Conch salad is diced up conch, the smaller ones are much more tender than the large ones, and then you add chopped vegetables, the standard mix seems to be onion, tomato, green and or red pepper, and maybe a bit of garlic. You drench this mixture in lime juice, sprinkle it heavily with garlic salt, and voila, you have conch salad. Pretty tasty, and pretty easy to make.

I went on walk about with Spook yesterday, and we went down on the beach and collected a ton of shells. After lunch, where we had conch fritters at a sea side restaurant (to call it a shack would demean it, but, it was a very small restaurant in a very small building) and while David, Matt, Larry, and Roberta talked at the table, Peg and I went looking for shells and sea glass. Many treasures to be found, the beaches here are littered with shells.

Today I helped John with his alternator belt, he has a situation where his old belt was worn, and the replacement belt he was given was a bit too long, but he made a minor alteration to the set up, and it seemed to work well with the new belt. Matt has had an on going problem with his charging system, so I went through the entire DC electrical system, and got his issues worked out. He is now charging properly, and not constantly discharging and running his batteries dead.

We are planning to go over to south Bimini today and see what is there, and maybe check out a place here that belongs to a friend of Peg and David. It is a huge private compound that is reported to be very well landscaped with a great view of the ocean, and its own private lagoon.

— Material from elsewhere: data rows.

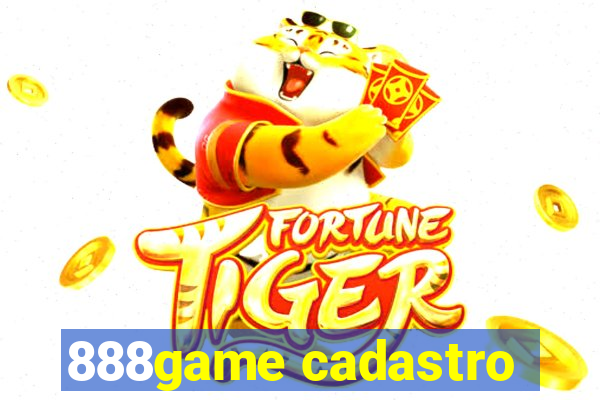 888game cadastro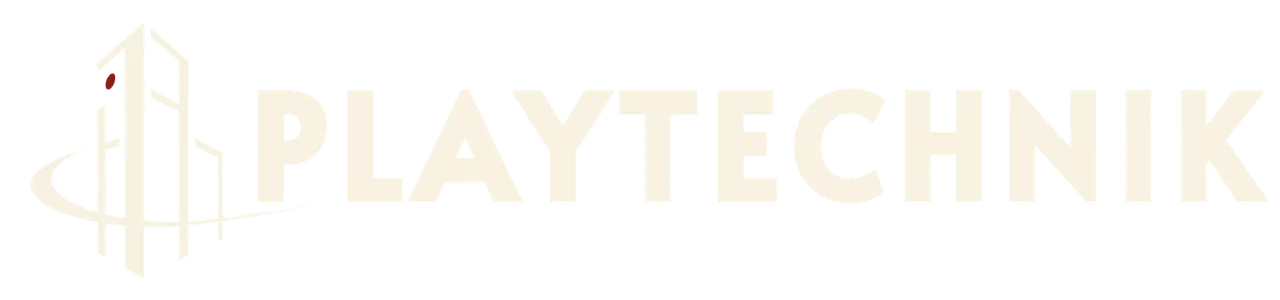 PlayTechnik logo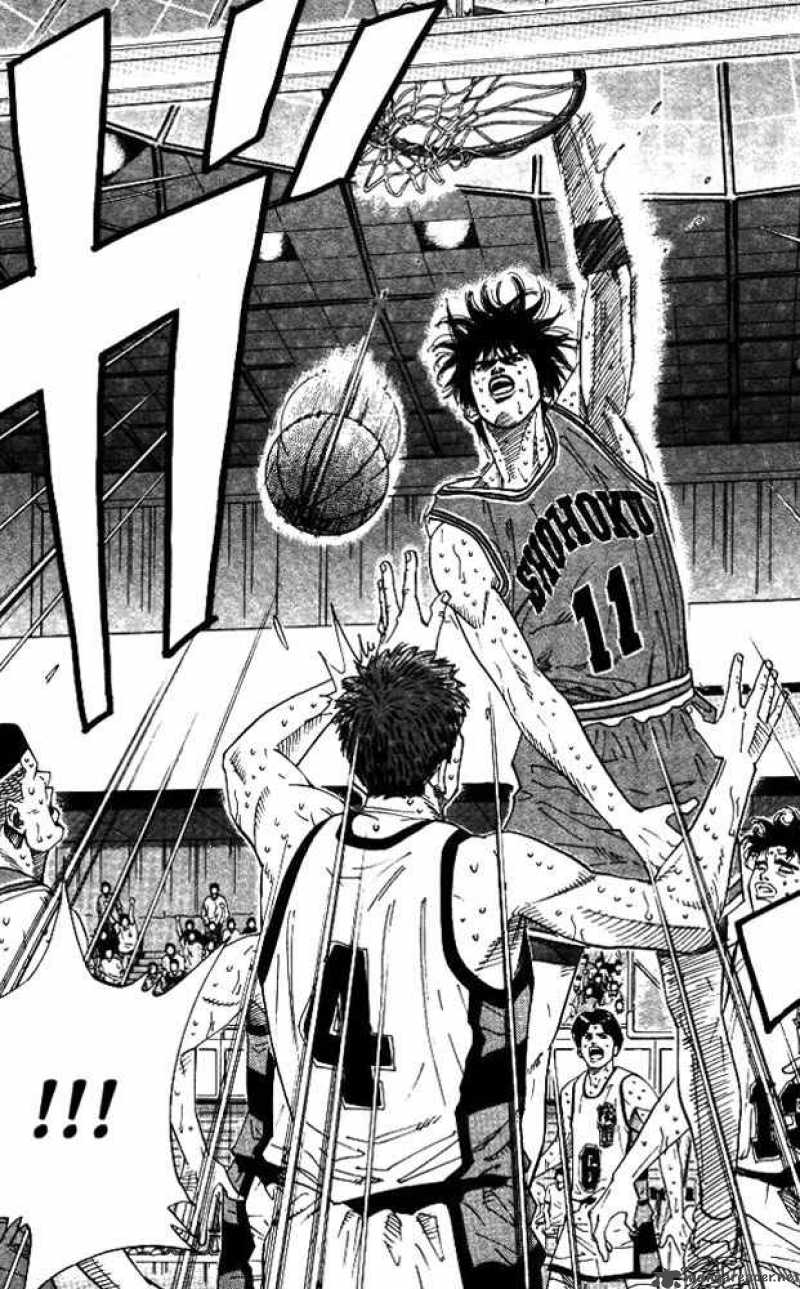 Slam Dunk 177 15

Tonight we are going out and probably eat some local fish, and more conch as well. From the weather forecast it looks like I will not get a good wind out of here until Saturday evening, so it seems like I am going to be "stuck" here for another week. I am starting to feel the pressure to get going, but, if you have to be stuck somewhere, I suppose there are many places that are worse than this little slice of island paradise.